The invention accordingly comprises the features of the selector control panels, combinations of wagering/betting elements, and arrangement of the simulation football active play that is exemplified in the description hereinafter set forth, and the scope of the invention is indicated in the claims.

BRIEF DESCRIPTION OF THE SEVERAL VIEWS OF THE DRAWING

These and other objects of the present invention will become evident from the following illustrations:

FIG. 1 is the embodiment of the present invention, illustrating an overview of the program flows that are specifically relevant to this invention.

FIG. 2A is a diagram of the display screen, illustrating the random running plays 1 through 6 that are specifically relevant to this invention.

FIG. 2B is a diagram of the display screen, illustrating the random running plays 7 through 12 that are specifically relevant to this invention.

FIG. 2C is a diagram of the display screen, illustrating the random passing plays 1 through 6 that are specifically relevant to this invention.

FIG. 2D is a diagram of the display screen, illustrating the random passing plays 7 through 12 that are specifically relevant to this invention.

FIG. 3 is a diagram, illustrating the Play Selection Screen that is specifically relevant to this invention.

FIG. 4 is a diagram, illustrating the Simulation (Active Play “movie”) Screen that is specifically relevant to this invention.

FIGS. 5A and 5B are tables, illustrating the components that make up the game engine that are specifically relevant to this invention.

FIGS. 6A and 6B are tables, illustrating all exportable assets that are specifically relevant to this invention.

FIG. 7 is a table that details the tools and file formats used by the exemplary embodiment that are specifically relevant to this invention.
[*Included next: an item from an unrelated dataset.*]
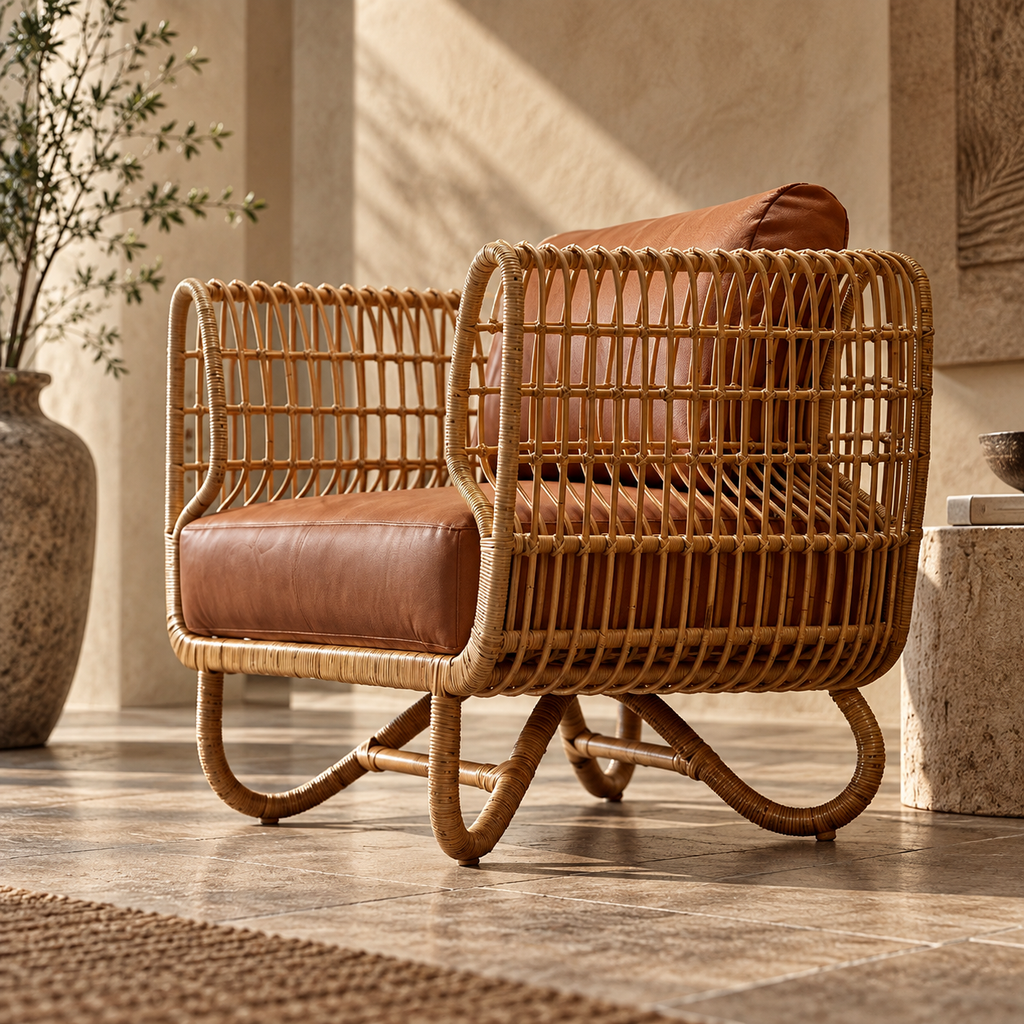 Kashaya Cane Lounge Chair | Handwoven Cane Chair for Living Room | Japandi & Boho Accent Seating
FIG. 8 is a table, illustrating the 2D In-Game assets and presentation that are specifically relevant to this invention.

FIGS. 9A and 9B are tables, illustrating character modeling an exemplary embodiment that is specifically relevant to this invention.

FIG. 10 is a table, illustrating the stadium asset an exemplary embodiment that is specifically relevant to this invention.

FIG. 11 is a table, illustrating animation and rigging an exemplary embodiment that are specifically relevant to this invention.

FIG. 12 illustrates the payout tables for the game play an exemplary embodiment that are specifically relevant to this invention.

DETAILED DESCRIPTION OF THE INVENTION

In the following detailed description of sample embodiments of the invention, reference is made to the accompanying figures that form a part hereof, and that is shown by way of illustration specific sample embodiments, in which the invention may be practiced. These embodiments are described in sufficient detail to enable those skilled in the art to practice the invention, and it is to be understood that other embodiments may be utilized and that logical, mechanical, electrical and other changes may be made without departing from the spirit or scope of the present invention. It is essential to an appreciation of the practice of the present invention that the jurisdictional approval requirements and the industry standards of the gaming industry be considered in determination of the skill and technical sophistication of the present technology and invention.

The present invention relates to a video gaming device and method for wagering on a virtual football game. As shown in FIGS. 1 through 12, the video gaming device comprises a game cabinet and base to operatively support a video screen and a selector control panel and a wager/payout mechanism and to house a microprocessor.

FIG. 1 illustrates the overview of the program flow with the game divided into the following game play screens: the Attract Screen, Intro Screen, Betting Screen, Help Screen, Play Selection Screen, Simulation Screen, Wrap-up Animation Screen and Wrap-up Screen.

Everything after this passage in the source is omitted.